- _RECORDED INFORMATION_:

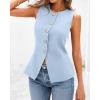 imageBTFBM Summer Sleeveless Blazer Vest For Women Dressy Button Down Round Neck Business Casual Outfits Work Suit Vests TopsLight Blue
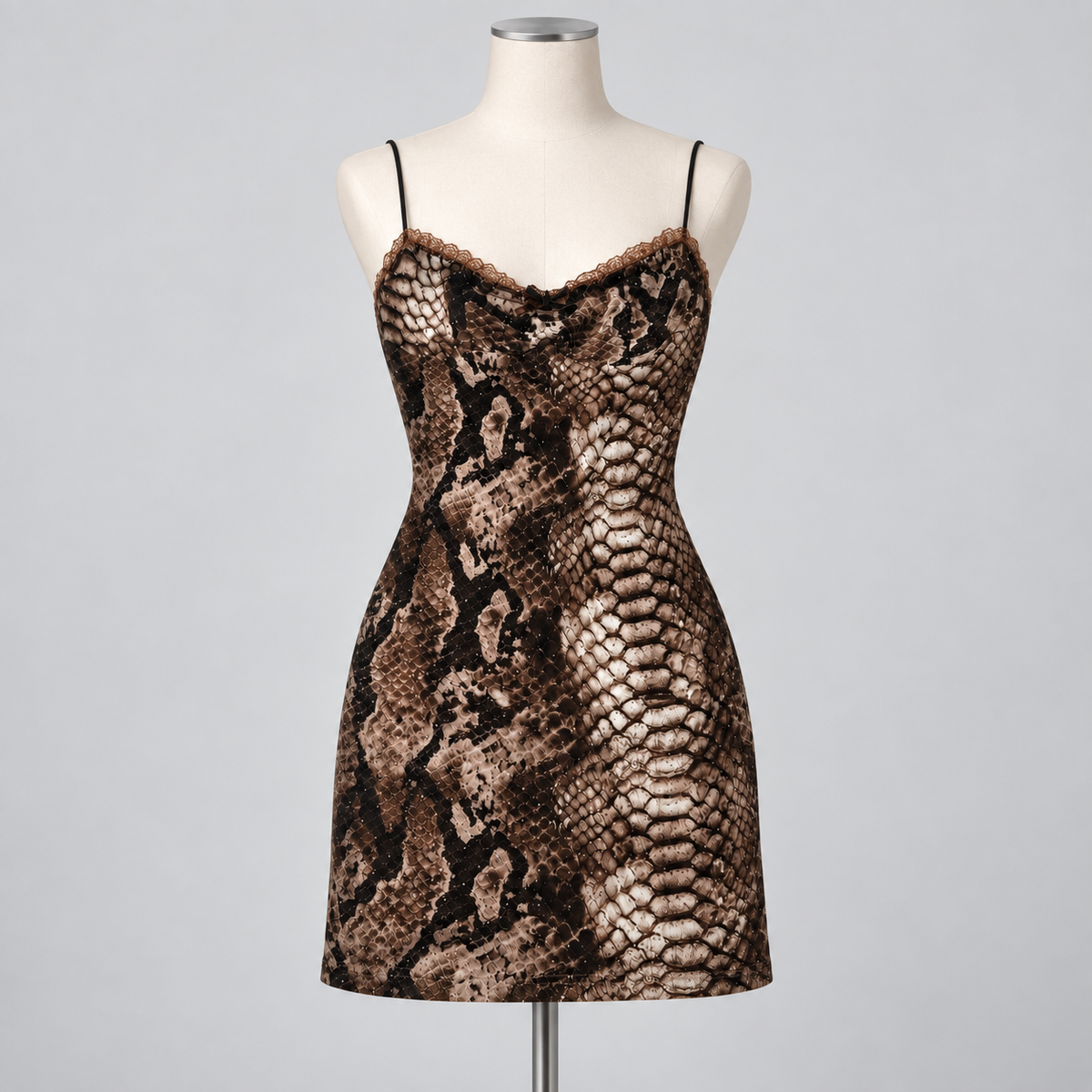 Look Don't Touch Mini Dress Black on an ivory display mannequin; AI-generated styling visualization. Original product photos retained for reference.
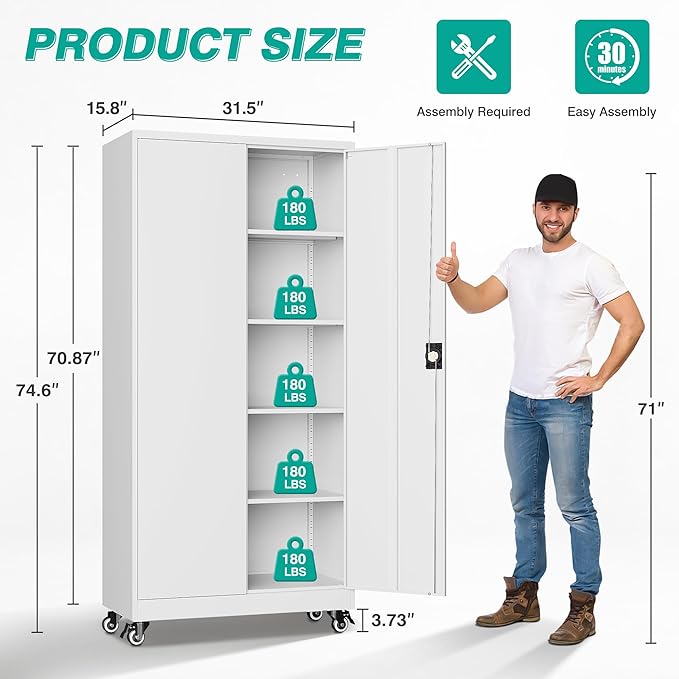 75" Tall Metal Storage Cabinet - Image 3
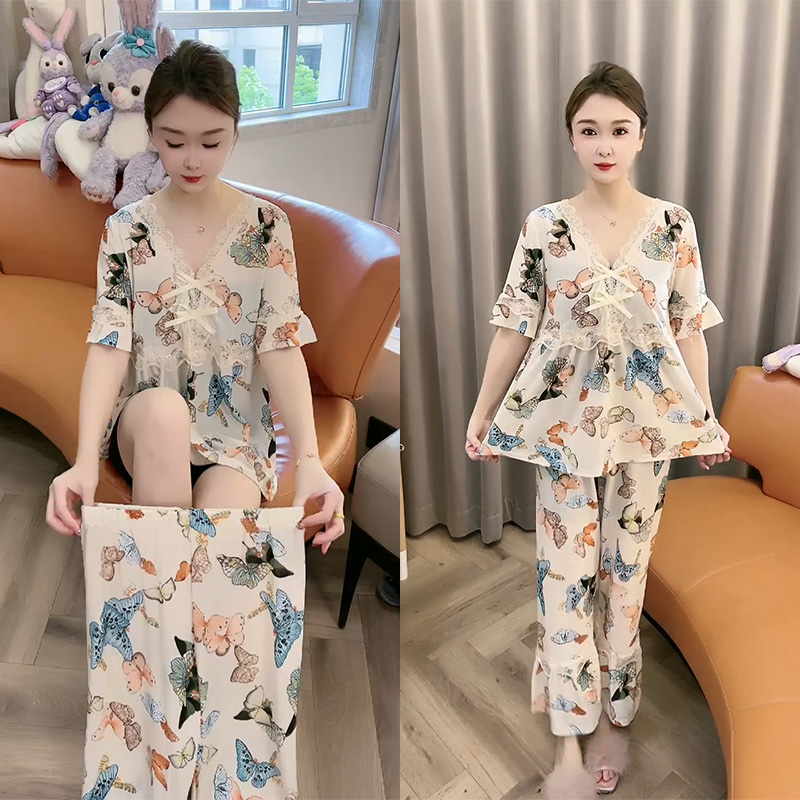 夏季薄款V领蕾丝拼接睡衣女大码宽松时尚洋气简约印花家居服套装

- _WORK TO COMPLETE_:
Copy all of the data word for word, and keep the pictures out of it.

- _RESPONSE TO THE EXERCISE_:
 imageBTFBM Summer Sleeveless Blazer Vest For Women Dressy Button Down Round Neck Business Casual Outfits Work Suit Vests TopsLight Blue
 Look Don't Touch Mini Dress Black on an ivory display mannequin; AI-generated styling visualization. Original product photos retained for reference.
 75" Tall Metal Storage Cabinet - Image 3
 夏季薄款V领蕾丝拼接睡衣女大码宽松时尚洋气简约印花家居服套装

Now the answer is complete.